I have 2 alternative methods to solve a problem, and I was just wondering what people who know the math better than I think, and if there is a better method to use for this type of problem.
The problem: I have a list of lat/lon positions and a value for the time interval between position updates and wish to find the SOG (Speed Over Ground). However there is some uncertainty in the exact value for each time interval - as the data is retrieved over the internet, even though in a program it would (for example) be set to request an update every 60 seconds. The data comes from an ocean racing yacht simulator, so SOG will also change with varying conditions and also with changes in course (relative to wind).

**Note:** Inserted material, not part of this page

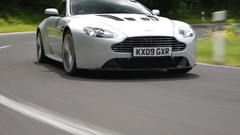 Cars Aston Martin Vantage v12 Aston Martin V12 Vantage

One approach is to weight new updates proportional to the length of time that interval and multiply into our current best SOG estimate. Something like this (T in seconds):
$$\text{speed} = \text{distance} / \Delta T$$ $$d = 1 - e^{-\Delta T}$$ $$\text{sog} = d * \text{speed} + (1 - d) * \text{sog}$$
And this works ok, especially if the speed is relatively consistent.
Prior to seeing this method, the one I had come up with to estimate SOG is this:
Maintain a list of the $N$ most previous {timestamp, lat, lon} tuples.
On each update, compute the harmonic mean of all possible sub intervals from $0, N-1$:
$$ S = N(N+1)/2 $$
$$ \text{sog estimate} = S / \sum_{i=0,j=i+1}^{N-1} \text{time}_{ij} / \text{distance}_{ij} $$
Then keep a list of the $M$ most previous estimates and again take the harmonic mean. $N$ & $M$ should not be too large. And obviously if there are not yet $N$ tuples to sum sub-intervals over, just use however many are available. Since the updates occur each 60 seconds, a value of 10-15 seems appropriate for both $N$ & $M$. One possible improvement I can think of is to weight each sub interval similar to method 1.
This second method seems to be more accurate than the first, although can sometimes take longer to converge on a reasonably accurate estimate - usually approximately N updates are required before it becomes accurate for any practical use.
It also seems to handle changes in 'real' SOG better, ie slight accelerations.
Given that SOG is rarely consistent over say more than 15 or 20 minutes, ie from an increase in wind strength, or change of angle to one with higher/lower boatspeed etc, and also that direction can change (again, with a change in speed), what would be the best algorithm to compute the SOG from uncertain time intervals and change in position. Also, is there a possible way to estimate the error in estimation? Even possibly correct for this error term once computed? I should mention all the data I have available: heading, lattitude and longitude, and I keep a timestamp from the beginning of each update request.
I would like to be able to compute this speed as accurately as possible.
Thanks in advance for any assistance, and forgive my poor use of MathJaX.
Edit: I get Math processing errors from MathJaX that works fine on math.stackexchange? Notice a lot of them in either questions to?? So reposted plain text math.